Uno degli aspetti più gravi, sempre secondo Morellato, sta nell’impiego esagerato e sottopagato di giornalisti pensionati. È uno dei problemi, da sempre sul tavolo «per rendere attrattiva la professione e garantire salari minimi d’entrata», che l'analisi delle carte avrebbe rivelato: «È il problema dei pensionati che rubano posti di lavoro ai giovani. Oltretutto pensionati sottopagati che fanno quindi dumping salariale». In che termini, lo spiega leggendo i fogli che ha sotto mano. Al GdP, continua, «c’era un pensionato che lavorava al 50% guadagnando 1'000 franchi. Un altro ne prendeva sempre 1'000, ma al 60%. Un altro 1'050 al 50%. Un altro 2'000 franchi al mese a tempo pieno. Salari lordi. È chiaro che con questo tipo di concorrenza si sostituiscono potenziali giovani giornalisti». Quanti erano i pensionati ingaggiati al GdP? «Parliamo di 5 persone su 35. Una proporzione che ritengo eccessiva».
Una situazione che renderebbe, secondo syndicom, ancora più evidente la necessità di un Ccl per regolamentare anche gli scatti salariali secondo l’esperienza. «Un pensionato dovrebbe essere arrivato a 7-8mila franchi, invece qui ne prende 2000... Inoltre c’è anche l’aspetto delle collaborazioni esterne dei pensionati, dove si abbassavano le tariffe.

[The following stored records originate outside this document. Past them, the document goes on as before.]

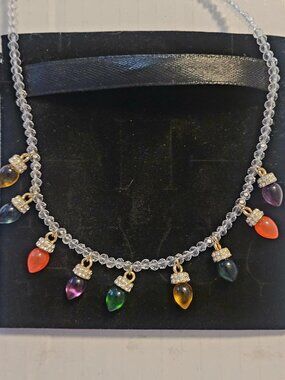 ALEX and ANI Christmas Bulb Necklace.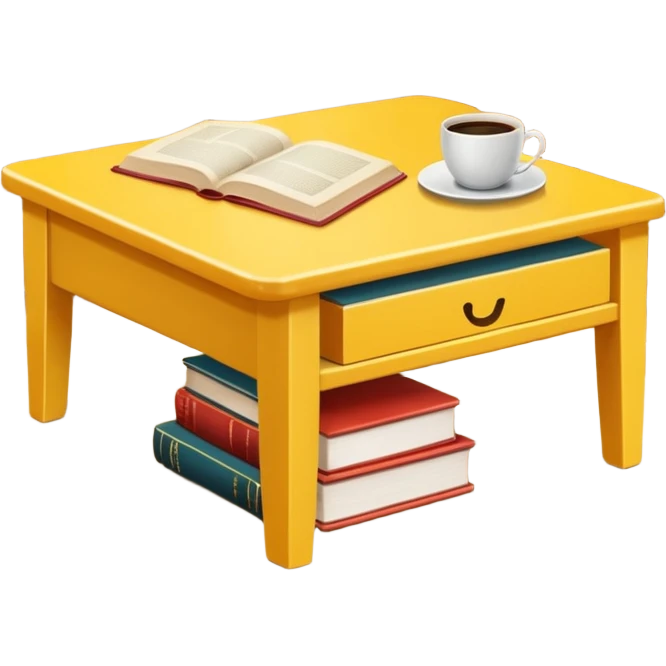 yellow coffe table, coffee on top, books under table
 emoji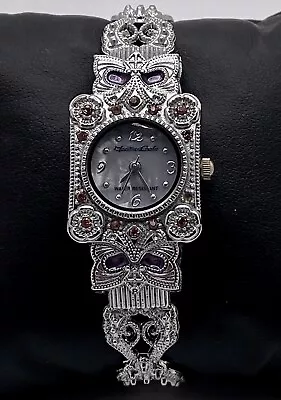 Vintage Monte Carlo Cuff WatchRuns Has A Decorative Look With Pink Rhinestone’s • $10.95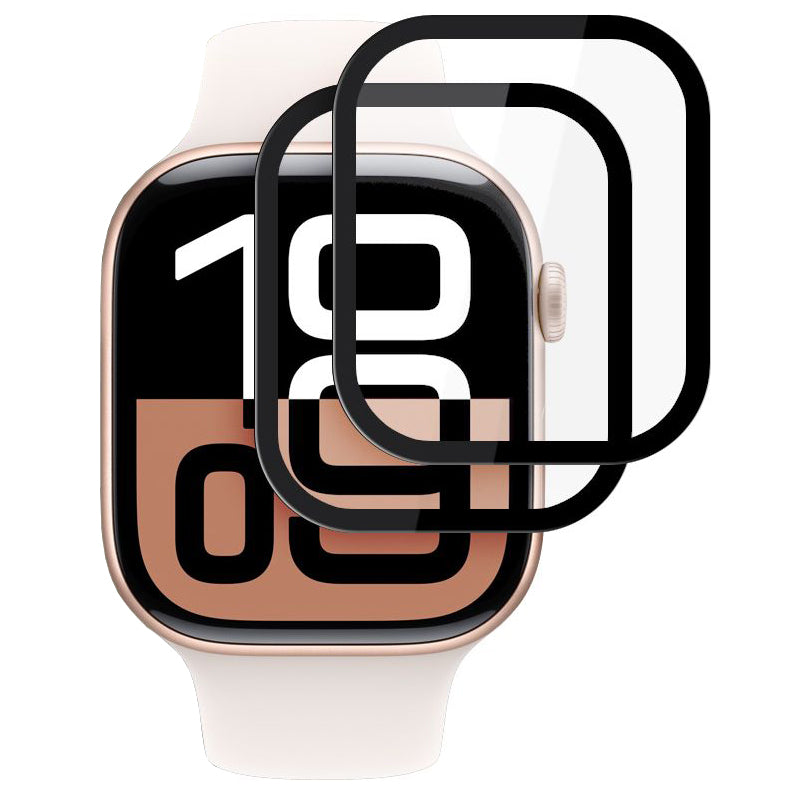 Hybridglas für Apple Watch 11 / 10 (42 mm), Hofi Hybrid Pro+, Schwarzer Rahmen, 2 Stück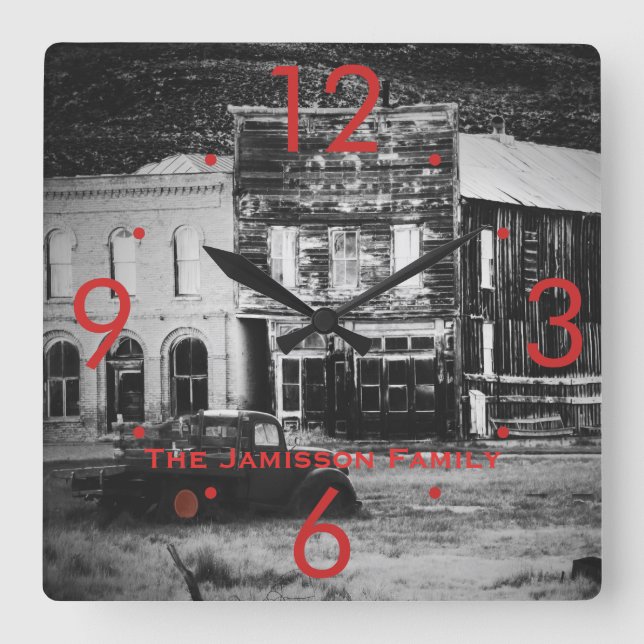 Old Buildings with Vintage Truck Round or Square Square Wall Clock (Front)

Ed è una concorrenza indiretta ai collaboratori stessi». Pensando al futuro, conclude Morellato, «il pensionato può certo continuare a svolgere il proprio lavoro, ma deve essere un impiego di consulenza e pagato adeguatamente. Altrimenti l’abbassamento delle pensioni, la difficoltà di avere un terzo pilastro e il rischio di entrare in pensione da “povero” rischiano di portare una forte concorrenza al lavoratore attivo. È un tema politico e sociale che andrebbe affrontato con una regolamentazione salariale».
Zumthor: «Con syndicom avremmo chiuso dieci anni fa»
«Se Morellato voleva far chiudere il giornale dieci anni fa…». Replica così la direttrice del GdP alle accuse di syndicom. Troppi pensionati? «Sappiamo benissimo che certe cose - continua Alessandra Zumthor - si è riusciti a farle aiutandoci tra noi. Non si faceva né dumping né altro, i giornalisti li pagavamo correttamente. Dopodiché se c’è il pensionato che si mette a disposizione anche gratuitamente, gli diamo almeno una gratifica». E più in generale, conclude Zumthor, «potete anche sentire la Curia perché sono stufa di venir coinvolta in cose che non ho organizzato io ed erano così da anni al giornale».